Warning: spoilers ahead

Maggie Gyllenhaal’s directorial debut The Lost Daughter, released on Netflix on Dec. 31, contains all the familiar ingredients of a substantial horror film: Dark omens, riveting tension, and a score that has the audience constantly bracing for impact. Despite the film’s mundane activity and warm setting, its chilling subtext leaves viewers clawing into their seats with anticipation. When it comes to evoking unsettling emotions, Gyllenhaal doesn’t settle for child’s play—pun intended. In lieu of demonic jumpscares or tales of twisted abuse, the film tackles a forbidden subversion of what is perceived as innate human nature: The begrudging mother.

Said mother, Leda Caruso (the brilliant Olivia Colman) is a 48-year-old professor of Italian literature on summer vacation on a fictional Greek island.
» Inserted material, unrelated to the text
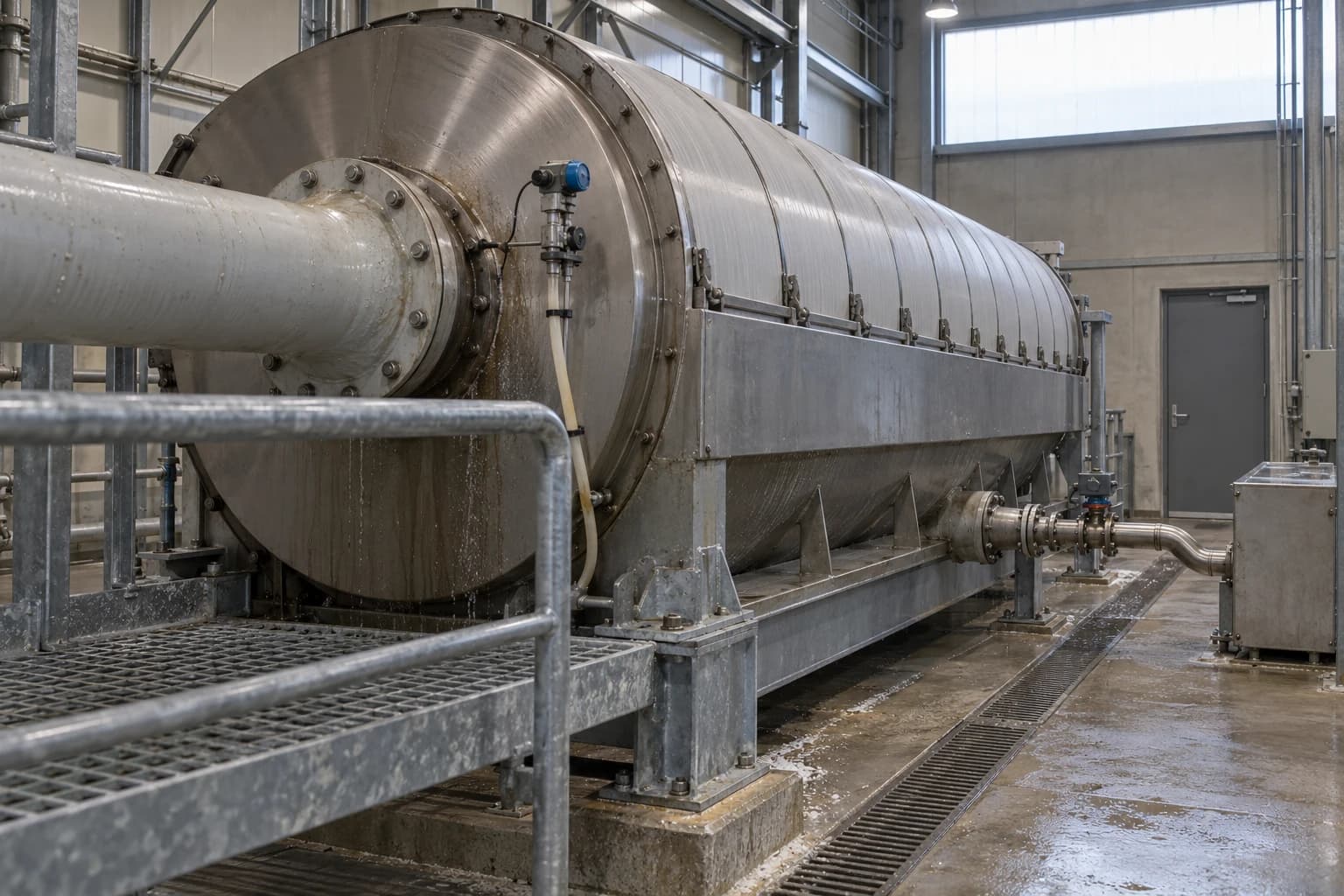 Water Circuit Closure in Pulp Mills: Why Purge Matters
Almost as soon as she arrives, dark bodements encroach, including a bowl of rotting fruit, a piercing cicada, and an obnoxiously loud Italian-American family who interfere with the quiet ambiance of the beach. Although these phenomena may seem like normal disruptions one would expect on vacation, the shuddering tension imbued in the cinematography warns of something much more sinister.
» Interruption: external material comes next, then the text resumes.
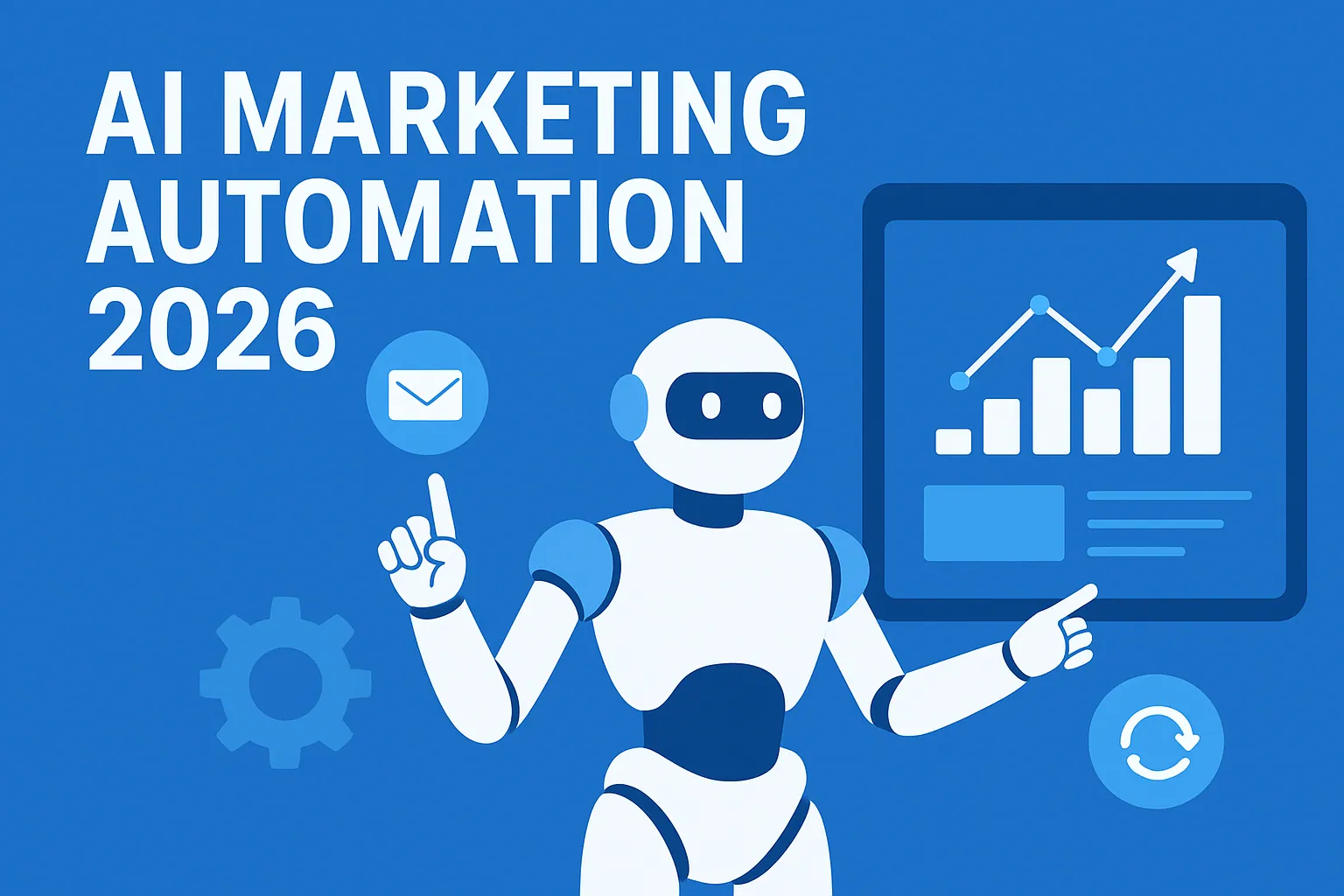 What Is AI Marketing Automation? Complete Guide for 2026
Nina (Dakota Johnson), the enchanting and languid young mother of the American family, and her three-year-old daughter, immediately capture Leda’s attention. When Leda notices the child go briefly missing, spurring Nina into a maternal panic, she is flooded with memories. The audience then meets twenty-something Leda (now portrayed by Jessie Buckley) fraught and splashing about in search of her own daughter Bianca at that same beach. Alarm colours her voice enough to prepare the viewer for imminent tragedy—but it doesn’t come until far later in the film.

When the climactic reveal unearths itself in Leda’s dialogue with Nina, it is not at all as harrowing as the viewer expects. The film sets viewers up for a stomach-churning revelation. But instead, we learn that Leda, battered inside and in great need of respite, renounced her role as a mother and left her daughters with her husband (Jack Farthing) for three years. The plot reveal is still incredibly unnerving because of how transgressive Leda’s aversion to motherhood seems. It is often said that motherhood is a crucially enlightening stage in a woman’s self-actualization; that it gives women a key purpose. Whether in film or in life, mothers are expected to willingly forgo their identities and submit to their duties. Like the Virgin Mary, they are to be selfless child-bearers devoid of sensuality. And above all, they are to relish  in these sacrifices.
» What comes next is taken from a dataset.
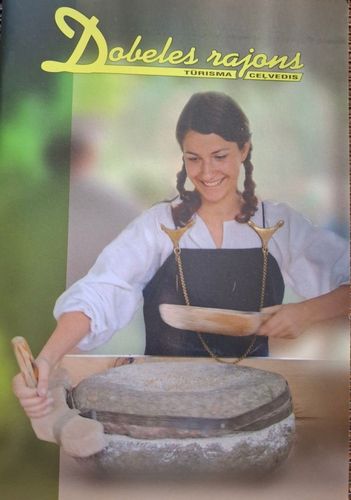Dobeles rajons. Tūrisma ceļvedis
Leda’s rejection of motherhood—however temporary—is deeply unsettling. Rarely is maternal defiance explored on screen, despite the much deeper sins that television has dared to portray. Of course, there have certainly been representations of anti-mother characters, as seen in Hereditary, Carrie, Cinderella. But almost always, if a mother character shows the slightest bit of resentment or dissatisfaction toward her role, she is immediately painted as a villain. 

It is immensely refreshing to see a character like Leda, one with such rich complexity that the audience simply cannot hate her, despite her selfish actions. Though the responsibilities of young parenthood seemed to weigh on her like a crushing burden, the film depicts Leda as anything but uncaring. In one scene, for instance, Leda takes a hairpin and combs it through the young mother Nina’s hair, securing it in her hat. Nina melts under Leda’s nurturing touch, closing her eyes to savour being looked after for once. Leda also often calls her now-grown children, smiling and at peace, and inquires about their lives, suggesting that her maternal relationship with them has become easier. In her flashbacks throughout the film, younger Leda can indeed be harsh and vengeful toward her children. But she can also be radiant, inquisitive, and at times even ardent with her daughters. Colman and Buckley’s stirring performances make it all the more impossible to condemn the character.

Leda’s absence, though undeniably selfish, was a desperate move for self-preservation. Women of her stock—who feel plundered by motherhood, not bolstered by it—do not only exist in fiction. Gyllenhaal does an excellent job introducing this insanely human posture to film. One can only hope that women continue to be portrayed as truly autonomous individuals rather than one-dimensional caregivers.